Limitations of the study

Our study combined two types of translational efforts. First, we assessed within the mouse whether our parcels, as determined by parcellation of tracer data, also showed differential profiles in other modalities. This is an example of what has been termed vertical translation.²⁹ Then, we used the same modalities, based on neuroimaging data, to directly compare the rodent and human brain. This is an example of horizontal translation, which allows quantitative comparisons between species without the confounds of comparing different data types, which has proven troublesome in the past. Although horizontal translation has proven successful in comparisons between humans and non-human primates^30,34 and between humans and mice,⁴¹ it does mean we are susceptible to some of the limitations associated with rs-fMRI data. First, we know that rs-fMRI is confounded by factors such as physiological noise. While we cannot fully exclude that spurious physiological correlations between areas may have driven some of our results, we have excluded this possibility to the best of our capacities by preprocessing the data with ICA-based denoising and validating our connectivity results in the mouse with anatomical tracer data. Second, rest is a behaviorally noisy, uncontrolled state, and rs-fMRI in rodents is further complicated by the use of anesthesia to improve functional connectivity estimates.^97,98

Therefore, it is possible that analyzing connectivity during a motor task such as grasping may yield different results, in particular regarding areas that we currently could not find a rodent homolog for, such as human pre-SMA. However, task fMRI is not yet fully feasible in rodents due to technical limitations.⁹⁹ Therefore, while additional task-based fMRI data may be available for mouse-human comparative studies in the future, rs-fMRI remains at present the best option for comparative studies of the rodent brain. As suggested by one reviewer, sample sizes can always be increased, and it would be interesting for future studies to look at samples sizes of over 10,000 subjects, which would allow additional analyses, such as comparisons across development,¹⁰⁰ an issue that is of interest in the motor system.¹⁰¹

It should be noted that our division of the rodent motor system is based on a connectivity-based parcellation of invasive tracer data, the so-called “gold standard” of connectivity research. Connectivity-based parcellations of large parts of cortical territory have been a successful method for delineating separate areas.^31,91,102 This approach is based on the logic that cortical areas can be distinguished by a unique set of connections,¹⁰³ which often overlaps with cytoarchitecture¹⁰⁴ and functional profile.¹⁰⁵ Thus, although we cannot claim that our subregions correspond to distinct cytoarchitectonic areas at this time, the evidence provided indicates the presence of meaningfully distinct parcels. Moreover, our further analyses demonstrate that the subdivisions also differ in terms of resting-state functional connectivity, both whole brain and with a select fingerprint of human-mouse homologs; transcriptomic gene expression; cortical myelin content; and functional deficits following inactivation.
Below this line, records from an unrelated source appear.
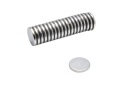 Neodymový magnet valcový MW 16x2 [mm] N38 10 ks.
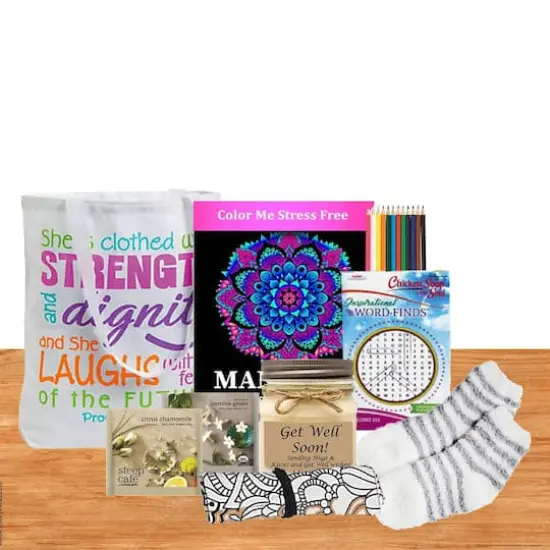 Get Well Soon Coloring & Activity Tote {1}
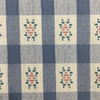 Vintage Decorative Plaid in Blue, Off White, Green, and Pink | Upholstery / Slipcover Fabric  | 54" Wide | By the Yard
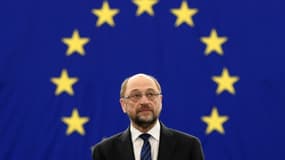 Le président sortant du Parlement européen Martin Schulz, qui ne se représente pas, le 16 janvier 2017 à Strasbourg
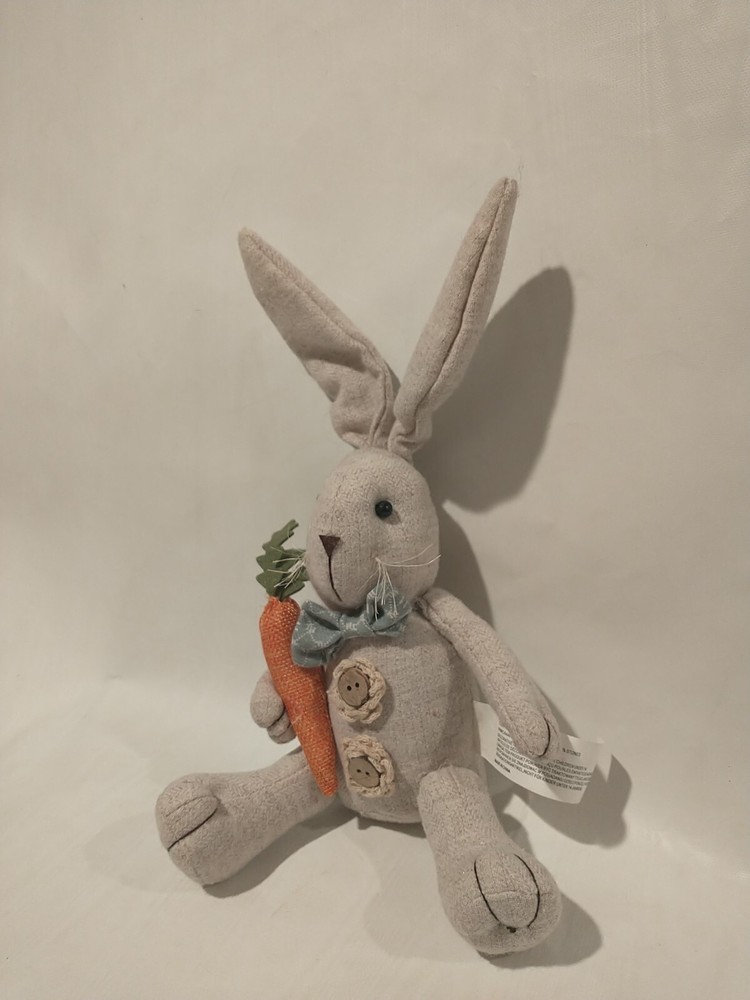 Home Decor Easter Bunny Stuffed animal Bottons, Carrot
While we find evidence for extensive differences between subdivisions of the rodent motor system within the tissue and connectivity properties analyzed in this study, other properties may also vary across subdivisions. For example, optogenetic fMRI (opto-fMRI) may in the future allow probing the role of these subdivisions in whole-brain network physiology and brain activity dynamics,^106,107 as well as the roles of distinct cell types within each subdivision in driving connectivity and functional differences.^106,108 Moreover, our analyses on gene expression differences between motor network subdivisions were restricted to 3,958 genes available in the coronal dataset of the Allen Mouse Brain Atlas. While this dataset has been extensively used in neuroscience research^109–114 and our selection and preprocessing of genes followed widely accepted guidelines,¹¹⁵ this collection of genes does not exhaustively cover all genes expressed in the mouse brain, which may have biased our results. Nonetheless, the genes selected are highly homologous to humans,¹⁰⁹ which further supports their applicability for our translational analysis.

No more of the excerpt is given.